⟨

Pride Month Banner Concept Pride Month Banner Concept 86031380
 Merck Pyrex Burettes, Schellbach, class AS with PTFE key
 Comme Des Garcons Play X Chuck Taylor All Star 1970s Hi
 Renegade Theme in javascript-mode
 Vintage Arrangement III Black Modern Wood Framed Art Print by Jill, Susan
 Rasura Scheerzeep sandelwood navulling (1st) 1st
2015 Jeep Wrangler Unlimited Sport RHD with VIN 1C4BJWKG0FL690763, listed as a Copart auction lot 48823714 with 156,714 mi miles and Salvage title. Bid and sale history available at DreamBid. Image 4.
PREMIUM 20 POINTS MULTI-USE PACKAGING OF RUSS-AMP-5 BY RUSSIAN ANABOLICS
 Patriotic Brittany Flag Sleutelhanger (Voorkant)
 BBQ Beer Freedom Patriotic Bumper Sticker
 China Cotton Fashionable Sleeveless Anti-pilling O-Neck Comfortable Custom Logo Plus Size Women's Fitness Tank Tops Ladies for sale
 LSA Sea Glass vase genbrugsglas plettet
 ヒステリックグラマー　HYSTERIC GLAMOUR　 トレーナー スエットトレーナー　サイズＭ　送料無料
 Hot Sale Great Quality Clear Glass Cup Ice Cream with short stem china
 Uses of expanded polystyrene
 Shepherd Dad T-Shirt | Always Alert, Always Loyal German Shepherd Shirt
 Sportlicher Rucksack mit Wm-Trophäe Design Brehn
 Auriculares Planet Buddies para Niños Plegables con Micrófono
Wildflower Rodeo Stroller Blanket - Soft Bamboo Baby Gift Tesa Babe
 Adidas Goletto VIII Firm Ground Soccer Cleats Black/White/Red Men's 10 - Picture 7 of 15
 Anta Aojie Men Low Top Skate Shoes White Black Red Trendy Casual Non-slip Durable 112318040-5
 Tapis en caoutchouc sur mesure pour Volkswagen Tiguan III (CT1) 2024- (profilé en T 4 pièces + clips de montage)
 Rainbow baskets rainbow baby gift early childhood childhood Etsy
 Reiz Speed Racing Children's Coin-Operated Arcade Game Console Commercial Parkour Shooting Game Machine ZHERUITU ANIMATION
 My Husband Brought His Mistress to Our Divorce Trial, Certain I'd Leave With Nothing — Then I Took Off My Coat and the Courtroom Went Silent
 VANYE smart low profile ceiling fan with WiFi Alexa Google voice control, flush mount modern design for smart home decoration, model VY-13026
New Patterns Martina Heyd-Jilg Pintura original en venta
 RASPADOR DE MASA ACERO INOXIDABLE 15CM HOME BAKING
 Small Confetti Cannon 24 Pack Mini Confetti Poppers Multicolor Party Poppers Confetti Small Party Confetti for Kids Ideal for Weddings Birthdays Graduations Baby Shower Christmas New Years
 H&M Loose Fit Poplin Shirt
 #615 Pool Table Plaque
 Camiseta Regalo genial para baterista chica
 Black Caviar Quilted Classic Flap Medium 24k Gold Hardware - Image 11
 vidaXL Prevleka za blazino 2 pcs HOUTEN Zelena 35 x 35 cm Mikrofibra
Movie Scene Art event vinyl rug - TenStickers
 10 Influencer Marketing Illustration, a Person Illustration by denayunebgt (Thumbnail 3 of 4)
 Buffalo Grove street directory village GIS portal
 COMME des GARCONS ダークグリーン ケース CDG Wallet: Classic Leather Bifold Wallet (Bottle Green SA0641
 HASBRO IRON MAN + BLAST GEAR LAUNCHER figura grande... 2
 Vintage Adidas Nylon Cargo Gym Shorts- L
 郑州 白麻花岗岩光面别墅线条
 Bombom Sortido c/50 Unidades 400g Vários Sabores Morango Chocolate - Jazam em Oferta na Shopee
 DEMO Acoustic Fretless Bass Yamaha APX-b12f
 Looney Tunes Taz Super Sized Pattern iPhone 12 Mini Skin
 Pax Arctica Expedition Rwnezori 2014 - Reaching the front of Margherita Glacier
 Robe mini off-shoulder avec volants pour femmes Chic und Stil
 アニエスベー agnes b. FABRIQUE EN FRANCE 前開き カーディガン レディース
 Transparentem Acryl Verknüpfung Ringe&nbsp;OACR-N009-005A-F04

⟩

Problem statement - State the number of lines in this listing that contain the string "para", and add nothing else.

Task result - 2